The other woman, however, was not accustomed to being erased from any scene of which she was a part. “What does she mean he stole her keys?” Neela demanded. “Why did she have your keys? What did he mean you’re colleagues? What does she mean, ‘understandably enough’? Why does she have to talk?”
She has to talk, Professor Solanka answered silently, because she thinks I think she fucked her father, whereas in fact I know her father fucked her, this being an area of inquiry in which I have done much fieldwork of my own. He fucked her every day like a goat-like a man-and then he left her. And because she loved him as well as loathing him, she has looked ever since for cover versions, imitations of life. She is an expert in the ways of her age, this age of simulacra and counterfeits, in which you can find any pleasure known to woman or man rendered synthetic, made safe from disease or guilt-a lo-cal, to-fi, brilliantly false version of the awkward world of real blood and guts. Phony experience that feels so good that you actually prefer it to the real thing. That was me: her fake.
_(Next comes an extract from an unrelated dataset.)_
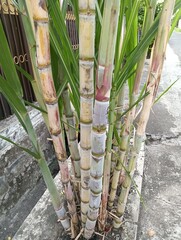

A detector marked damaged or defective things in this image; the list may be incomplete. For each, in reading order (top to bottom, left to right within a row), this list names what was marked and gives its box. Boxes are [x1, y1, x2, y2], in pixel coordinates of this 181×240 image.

It was seventeen minutes past three in the morning. Mila, in a trenchcoat and boots, sat down on the edge of the bed. Malik Solanka groaned. Disaster always arrived when your defenses were at their lowest: blindsiding you, like love. “Tell her,” Mila said, at last allowing Neela to exist. “Explain why you gave me the keys to your little kingdom here. Explain about the cushion on your lap.” Mila had prepared carefully for this confrontation. She unbelted the trenchcoat and slipped it off, revealing, of all things, an absurdly short baby-doll nightie. This was an example of the use of clothing as a lethal weapon: wounded Mila was undressed to kill. “Go on, Papi,” she urged. “Tell her about us. Tell her about Mila in the afternoon.”
“Please do,” Eleanor Masters Solanka added grimly, switching on the light as she came in, accompanied by that heavyset, grizzled, bespectacled, blinking Buddhist owl, his ex-buddy Morgen Franz. “I’m sure all of us would be fascinated to hear.” Oh fine, Malik thought. Seems there’s an open-door policy around here. Please, come on in, everybody, don’t mind me, make yourselves at home. Eleanor’s flowing chestnut hair was longer than ever; she wore a long black high-necked cashmere coat and her eyes blazed. She looked amazing for three A.M., Malik noted. He also observed that Morgen Franz was holding her hand; and that Neela was climbing out of his bed and coolly getting dressed. Her eyes, too, were on fire, and Mila’s, of course, were already bright red. Solanka closed his own eyes and lay back, putting a pillow over his face on account of the sudden glare in the room.
Eleanor and Morgen had left Asmaan with his grandmother and flown in to JFK that afternoon. They had checked into a midtown hotel, intending to contact Solanka in the morning to acquaint him with the changed circumstances of their lives. (This, at least, Solanka had intuited in advance: or, rather, Asmaan had filled him in.) Anyway, I couldn’t sleep,” Eleanor said to the pillow. “So I just thought, fuck it, I’d come and wake you up. I see, however, that you are already entertaining; which makes it a good deal easier to say what I came to say.” The softness was gone from her voice. Her fists were clenched, white-knuckled. She was fighting hard to keep her voice under control. Any moment now she would open her mouth and, instead of words, unleash a Fury’s deafening, world-destroying shriek.